Les Mahieddine, H’mida, Med, Charef, Laid, Abdallah, Djillali, tous frères et cousins, sont presque soulagés de montrer les maisons vides à cause des multiples fissures qui ne laissent aucun espoir de confortement. Construites en pierres et torchis, les anciennes maisons ont été toutes abandonnées par leurs occupants. C’est dans un silence lourd que nous passons d’une maison à l’autre avec partout les mêmes fissures sur les murs et les plafonds. Souvent, ce sont les murs qui se sont séparés, laissant entrer la lumière du jour. Devant Sid Ahmed Saloua qui nous a rejoint, nos interlocuteurs parlent avec retenue de leurs difficultés à entrevoir l’avenir.
Fortes répliques
Toufik parle de sa famille de 11 personnes et montre ses 7 pièces toutes abimées. Ouddane Med O/ Djillali, la voix nouée, décline 6 chambres agencées autour d’une vaste cour où pousse une vieille vigne de Bordji, un cépage endémique ramené des coteaux de Mascara. Ses affaires ont toutes été entassées dans une des pièces. Partout règnent la désolation et la ruine. La maman de Mohamed, veuve de 85 ans, peine à garder son calme. Ses 4 pièces sont toutes fissurées, ce qui l’oblige à partager la tente dressée par son fils dans le jardin familial où pousse un vigoureux néflier.
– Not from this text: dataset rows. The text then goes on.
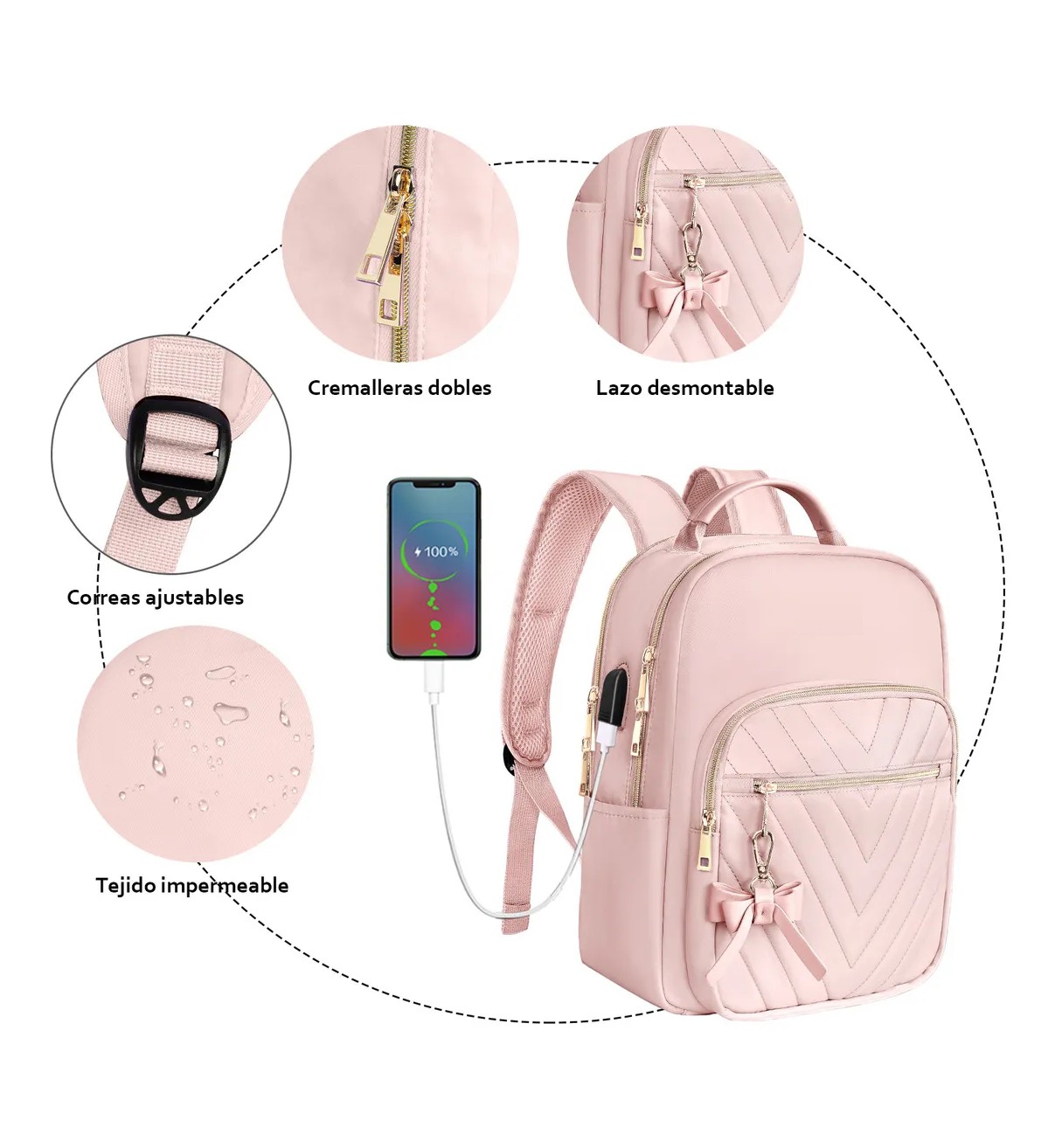 Mochila de Mujer Escolar de Moda Impermeable y Antirrobo Rosa Bloosom image number null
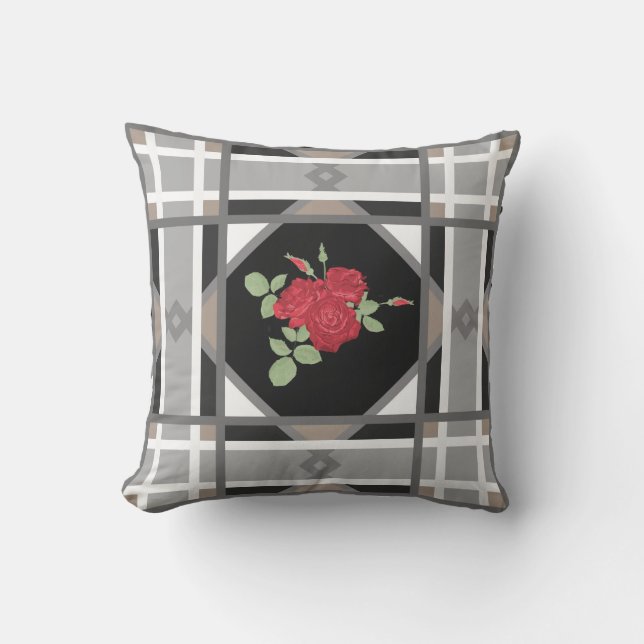 Red roses , retro outdoor pillow (Front)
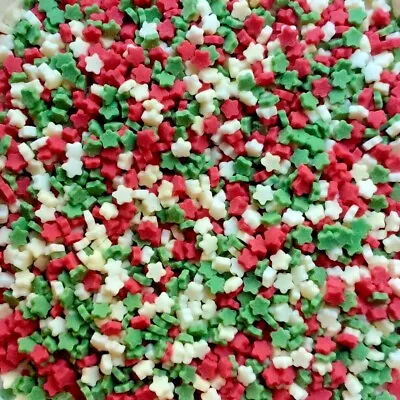 EDIBLE MINI STAR XMAS SPRINKLE MIX For Cake And Cupcake Decorations • £3.95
Tapissé de matelas et de nattes, le dortoir de fortune peut accueillir, pour la nuit, une vingtaine de personnes. Habitués à vivre dans des conditions extrêmes, les Flitti, les Benayed, les Mahieddine et les Ouddane, des familles extrêmement besogneuses, attendent un geste de la part des responsables. Ce geste n’est pas encore venu. En sourdine, chacun se laisse aller à prier que la prochaine secousse soit aussi clémente que celles qu’ils viennent de subir. Pourtant, ces fellahs endurcis sont en train de se faire une raison : à la moindre prochaine secousse, les anciennes maisons de Toub et d’argile cèderont. Cette certitude, ils sont unanimes à la partager.
En attendant que le CRAAG installe enfin un sismographe pour donner l’alerte, ils prennent leur mal en patience, avec un maigre espoir qu’un programme spécial vienne à leur secours afin de les aider à construire selon des normes parasismiques. Car à l’évidence, que ce soit chez les Flitti, les Mahieddine, les Benayed et les Ouddane, nul ne songe le moindre instant à déménager. Pourtant, tous éprouvent une grande peine à voir ces vieilles maisons, qui les ont vu naître, définitivement condamnées. Mis à part quelques familles relativement aisées, donc susceptibles de construire de nouvelles demeures, la grande majorité espère bénéficier d’un programme de logements ruraux qui leur éviterait un insoutenable exil.